Last weekends I checked my shock absorbers and all are leaking.

Can you recommend an affordable but of good quality shock absorbers that is available here in the Philippines? 

I was thinking of KYB but I don't know what type or model fits on my 1989 Nissan California.

I hope you could share me your choice/ recommended shocks.


----------



## jp_malupet (Jan 11, 2004)

sir KYB shocks are ok for our b12.. fluid type shock for the front and gas shocks for the rear.. if your from the east side of Manila you can buy from Nisway if your from North you could go to Nisparts Banawe..HTH


----------



## 89California (Oct 6, 2008)

jp_malupet said:


> sir KYB shocks are ok for our b12.. fluid type shock for the front and gas shocks for the rear.. if your from the east side of Manila you can buy from Nisway if your from North you could go to Nisparts Banawe..HTH


Am not familiar with shocks and this is the 1st time I will replace the front and rear shocks.

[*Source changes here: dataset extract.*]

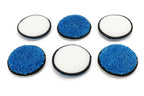 U.F.O. Pads - Upholstery / Fabric Orbital Microfiber Pads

Any particular model of KYB that is best for our b12? 

So its ok to mix fluid type and gas types shocks absorbers? I thought I can only install straight fluid or straight gas types.

Thank you for referring me to Nisway and Nisparts. I'll do my best to reach them because I am from Bulacan.

Anyways, its nice that you are from the Philippines also. And by the way you have a great car. I hope we could have constant communications regarding parts and maintenance etc. 

Lastly I saw a sticker in your car. How can I join the sentraclub? Do you have a website?


----------



## jp_malupet (Jan 11, 2004)

Glad to be of help sir....you could go for the Fluid type KYB shocks for your b12 as long as it fits your car.. you could also go for the KYB excel G.. but for daily driving cars the KYB fluid type shocks would do.. fluid type for front and gas type for the rear would be a great combination in terms of ride comfort.. this was my previous set-up with stock springs but since I installed lowerings springs for the front I also changed my front shocks with gas type.. since your from Bulacan maybe you could give Nisparts Banawe a call to inquire about the different prices of the Shocks... and by the way Paraut shocks are also good for our b12... thanks for your comments to my car.. here's the link to sentraclubph.. Sentra Club PH just register and join the forums.. hope to see at our EB's


----------



## 89California (Oct 6, 2008)

Ok. I'll register at sentra.ph. By the way, do we refer to our rides as california or sentra? 

There was a time when a saw a california having a SGX in it. What does it mean?


----------